Burn injuries can leave long-lasting scars and produce long-term emotional and physical trauma for the victim. Whether the injury is the result of a chemical burn from a defective product or a burn caused by the negligence of a landlord, you might need an experienced burn injury lawyer to make sure you are compensated for your medical costs and suffering.

What causes burn injuries?

According to the Centers for Disease Control and Prevention (CDC), there are 1.1 million burn injuries that need medical attention each year in the United States. In addition, the American Burn Association reports that about 25,000 victims were admitted to the 128 burn centers across the country in 2010, an average of 200 per center.
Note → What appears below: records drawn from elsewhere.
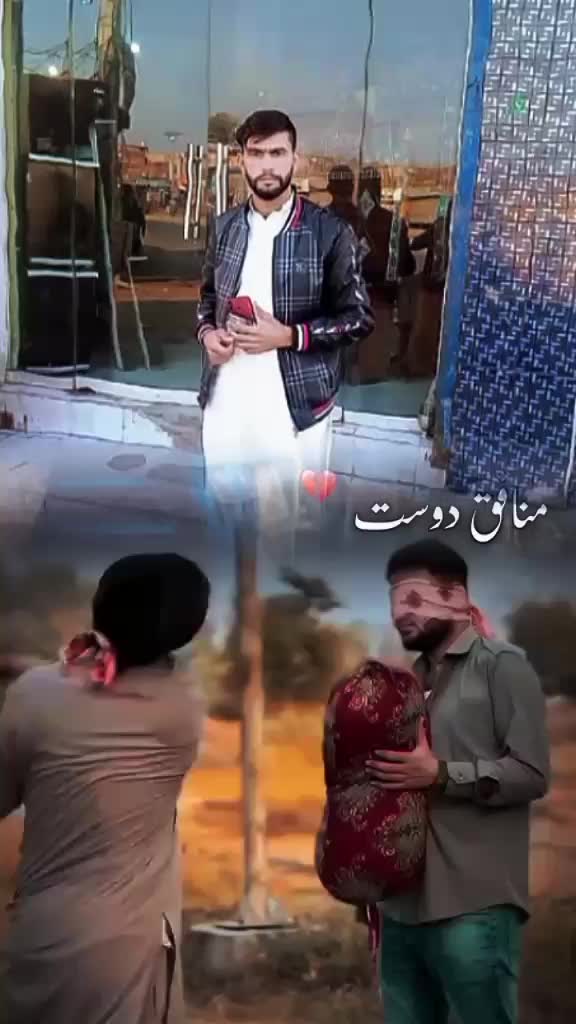 @pervaiz jutt
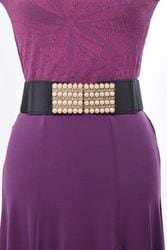 ��ǥ����� �٥�� KR-BLT021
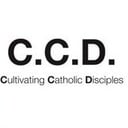 CCD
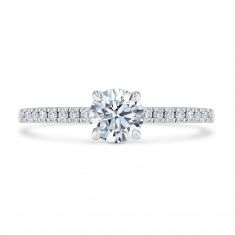 Reeds signature diamond discount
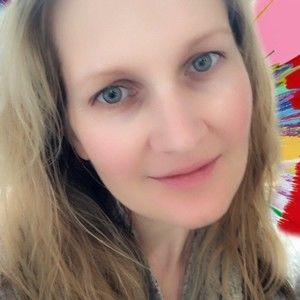 Meet your Posher, Jen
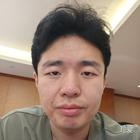 做你心中的蓋世英雄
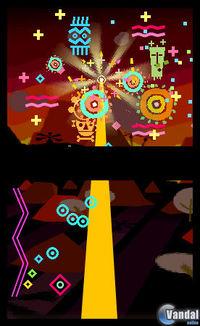 Imagen 36 de Big Bang Mini para Nintendo DS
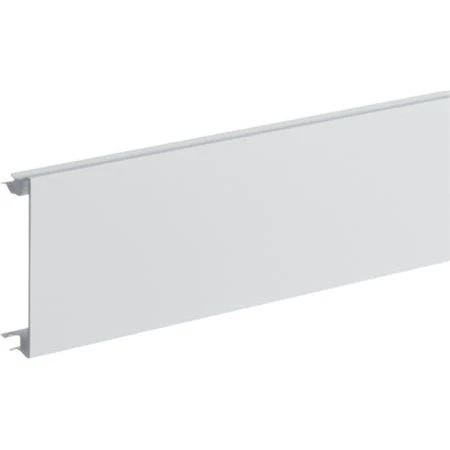 KANALLÅG BR65 Plast 80mm 9016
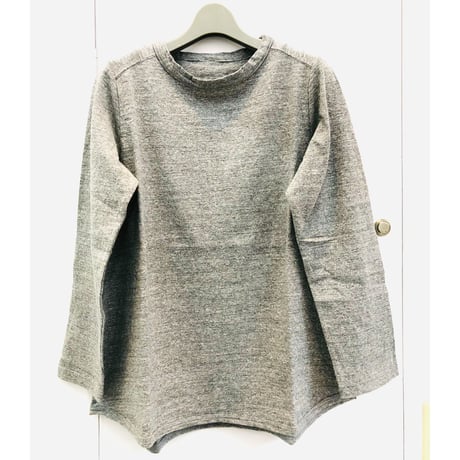 Ｐａｒｔｉｃｕｌａｒ  ベーシックＴシャツ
Dry heat (such as fire), wet heat (such as steam or hot liquids), radiation, friction, heated objects, the sun, electricity, or chemicals can all cause burns injuries, which fall under the following classifications:
  • Thermal burns are the most common, and occur when flames, hot metals, scalding liquids, or steam come in contact with skin. This can happen during a house fire, vehicle accident, kitchen accident, or electrical malfunction. Those heat sources raise the temperature of the skin and tissues, which causes the death or charring of tissue cells.
  • Radiation burns are caused by prolonged exposure to ultraviolet rays of the sun, or to other sources of radiation, X-rays being the best-known.
  • Chemical burns are caused by strong acids, alkalies, detergents, or solvents coming into contact with the skin or eyes.
  • Electrical burns are caused by electrical currents, either alternating current (AC) or direct current (DC).


What are the classifications?

The most common categories of burn severity are:

  • First-degree burns damage the outer layer of the skin (or epidermis). These burns typically heal in 3-4 weeks, depending on the extent of the injury.
  • Second-degree burns damage both the outer layer and the layer beneath it (called the dermis). The injury looks red and blistered, and is often swollen and painful.
  • Third-degree burns are more severe because they destroy both layers of your skin. Hair follicles, sweat glands, and other tissues tend to also experience damage. The injury may look white, blackened, and charred.

Fourth-, fifth-, and sixth-degree burns exhibit many similar symptoms to third-degree burns but also include additional characteristics. These types of burns result in charring and loss of function of the affected area.

  • Fourth-degree burns involve injury to deeper tissues, such as muscle and tendons, as well as bone.
  • Fifthdegree burns will extend past the fat and start to burn through muscle.
  • Sixth-degree burns are the most severe burns; they produce injuries that result in charred bone, which most likely will require skin grafting or amputation.

What are the legal ramifications?

Burn injuries are among the most expensive and traumatic injuries to treat. Even a simple first-degree burn can become infected and  require medical treatment.

Third-degree burns – or worse – can take years of costly treatment, and they usually have a significant impact on the victim’s quality of life and ability to work.  Extensive burns can cost hundreds of thousands of dollars in treatment costs, repeat hospital admissions, and rehabilitation.

If  you were the victim of a burn injury because of someone else’s negligence, you need an experienced personal injury attorney. Elliot Olsen has decades of experience representing people burned by the negligence of others. Contact him today for a free consultation.

Get Your Free Consultation With Burn Injury Lawyer

Avoid burn accidents at home

Many burn injuries occur at home. To avoid them, check the warnings on all devices, including appliances, gas fireplaces, and electric heaters, to name just a few. If you purchase liquid chemicals – for instance, those used for lighting fires, those used for cleaning surfaces, or chemicals for a pool – be sure to read the safety instructions first. Perhaps most important of all, make sure everyone in the family is aware of that information.

Additionally, to keep your family safe:

  • Install smoke detectors.
  • Teach your children fire-safety techniques.
  • Do not let children near open stoves and grills when cooking.
  • When using a grill, make sure it is far from combustible materials.
  • Do not sprinkle gasoline, ethanol, or alcohol onto a fire to speed it up.
  • Never cook if you are exhausted or intoxicated.
  • Install a sprinkler system to protect your home from a fire if you are home or not.
  • Finally, keep devices that are for adult use only out of the reach of children.